Please return the whole listing exactly.

Provided material:
○ ○ ○ ○

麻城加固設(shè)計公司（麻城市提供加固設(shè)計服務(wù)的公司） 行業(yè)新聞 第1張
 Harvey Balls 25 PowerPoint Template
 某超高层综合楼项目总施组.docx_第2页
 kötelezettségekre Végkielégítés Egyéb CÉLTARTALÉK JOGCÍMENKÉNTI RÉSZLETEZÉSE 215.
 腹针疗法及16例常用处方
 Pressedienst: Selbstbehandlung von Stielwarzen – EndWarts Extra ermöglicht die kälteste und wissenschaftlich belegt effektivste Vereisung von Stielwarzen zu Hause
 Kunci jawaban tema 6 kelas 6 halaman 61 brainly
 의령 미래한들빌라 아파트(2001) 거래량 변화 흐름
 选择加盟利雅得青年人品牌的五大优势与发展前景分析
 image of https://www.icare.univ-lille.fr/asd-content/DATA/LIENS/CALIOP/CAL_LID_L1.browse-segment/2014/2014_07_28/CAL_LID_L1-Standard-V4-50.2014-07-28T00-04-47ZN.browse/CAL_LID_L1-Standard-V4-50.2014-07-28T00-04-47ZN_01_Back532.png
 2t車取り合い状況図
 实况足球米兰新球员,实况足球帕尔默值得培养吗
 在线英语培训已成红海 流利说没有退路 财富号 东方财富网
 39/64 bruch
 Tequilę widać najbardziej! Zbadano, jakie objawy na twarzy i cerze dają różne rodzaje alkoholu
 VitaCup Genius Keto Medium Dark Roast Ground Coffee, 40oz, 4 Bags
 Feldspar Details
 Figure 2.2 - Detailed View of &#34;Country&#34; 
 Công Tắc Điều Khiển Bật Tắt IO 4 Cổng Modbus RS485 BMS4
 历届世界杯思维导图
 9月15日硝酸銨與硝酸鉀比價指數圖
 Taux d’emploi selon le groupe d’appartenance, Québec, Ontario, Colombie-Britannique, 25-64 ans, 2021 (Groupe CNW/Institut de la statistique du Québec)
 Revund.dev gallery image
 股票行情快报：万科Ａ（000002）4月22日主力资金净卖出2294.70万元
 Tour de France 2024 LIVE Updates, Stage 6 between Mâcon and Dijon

○ ○ ○ ○

Solution below:
麻城加固設(shè)計公司（麻城市提供加固設(shè)計服務(wù)的公司） 行業(yè)新聞 第1張
 Harvey Balls 25 PowerPoint Template
 某超高层综合楼项目总施组.docx_第2页
 kötelezettségekre Végkielégítés Egyéb CÉLTARTALÉK JOGCÍMENKÉNTI RÉSZLETEZÉSE 215.
 腹针疗法及16例常用处方
 Pressedienst: Selbstbehandlung von Stielwarzen – EndWarts Extra ermöglicht die kälteste und wissenschaftlich belegt effektivste Vereisung von Stielwarzen zu Hause
 Kunci jawaban tema 6 kelas 6 halaman 61 brainly
 의령 미래한들빌라 아파트(2001) 거래량 변화 흐름
 选择加盟利雅得青年人品牌的五大优势与发展前景分析
 image of https://www.icare.univ-lille.fr/asd-content/DATA/LIENS/CALIOP/CAL_LID_L1.browse-segment/2014/2014_07_28/CAL_LID_L1-Standard-V4-50.2014-07-28T00-04-47ZN.browse/CAL_LID_L1-Standard-V4-50.2014-07-28T00-04-47ZN_01_Back532.png
 2t車取り合い状況図
 实况足球米兰新球员,实况足球帕尔默值得培养吗
 在线英语培训已成红海 流利说没有退路 财富号 东方财富网
 39/64 bruch
 Tequilę widać najbardziej! Zbadano, jakie objawy na twarzy i cerze dają różne rodzaje alkoholu
 VitaCup Genius Keto Medium Dark Roast Ground Coffee, 40oz, 4 Bags
 Feldspar Details
 Figure 2.2 - Detailed View of &#34;Country&#34; 
 Công Tắc Điều Khiển Bật Tắt IO 4 Cổng Modbus RS485 BMS4
 历届世界杯思维导图
 9月15日硝酸銨與硝酸鉀比價指數圖
 Taux d’emploi selon le groupe d’appartenance, Québec, Ontario, Colombie-Britannique, 25-64 ans, 2021 (Groupe CNW/Institut de la statistique du Québec)
 Revund.dev gallery image
 股票行情快报：万科Ａ（000002）4月22日主力资金净卖出2294.70万元
 Tour de France 2024 LIVE Updates, Stage 6 between Mâcon and Dijon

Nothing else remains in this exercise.